DHS Global Entry facial recognition program to expand nationwide
The Department of Homeland Security has issued a privacy impact assessment related to biometric facial recognition technology it first rolled out for the Global Entry program in June 2018. The technology is currently used in 15 domestic and overseas airports.
Global Entry is the federal government’s optional expedited security-processing program for travelers arriving in the United States deemed to be low security risks. Global Entry is operated by Customs and Border Protection, a subset of the homeland security department.
The PIA outlines how CBP will expand the facial recognition program to airports nationwide.
Prior to 2018, Global Entry participants were able to present machine-readable passports or residency cards at special airport kiosks, have their fingerprints scanned and complete their customs declaration, thus bypassing long lines before getting to baggage claim. The kiosks took simple photos of travelers, too.
Program kiosks now will use biometric facial recognition technology, eliminating the need to submit fingerprints, a passport/residency card or customs documents. Biometric data will be stored in the Department of Homeland Security’s automated biometric identification system, which holds all previous biometric information collected at the kiosks.
While the government’s privacy impact assessment acknowledges that the new information might be stolen or misused, DHS says that it mitigates this risk by owning all of the relevant equipment, not vendors, and that no outside parties have access to data on a kiosk.
It is not clear if outside parties have access to the facial biometrics data that presumably are transmitted on government networks and stored in backups elsewhere in the government’s information technology systems.

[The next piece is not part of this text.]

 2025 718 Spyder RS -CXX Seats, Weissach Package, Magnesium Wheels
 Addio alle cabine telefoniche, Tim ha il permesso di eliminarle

The assessment also states that privacy notices will be posted on new kiosk home screens explaining why data is being collected as well as how it will be used, shared and destroyed. The image data will be deleted three years after a participant abandons their membership or three years after their five-year Global Entry membership expires without being renewed.
Because the government does not consider facial recognition new data collection, previous data-sharing rules pertaining to photos and prints still apply. The assessment notes that metadata is not shared outside of Customs and Border Protection without discussing vendor access for work done within the agency.
Participants in Global Entry themselves can ask for information related to their records by filing a Freedom of Information Act request. Not all requests will be honored, however, as some people could learn through the disclosure that they are part of a criminal investigation. Also requests to correct erroneous information in a member’s account could be rejected in order to not disturb ongoing investigations and law-enforcement actions.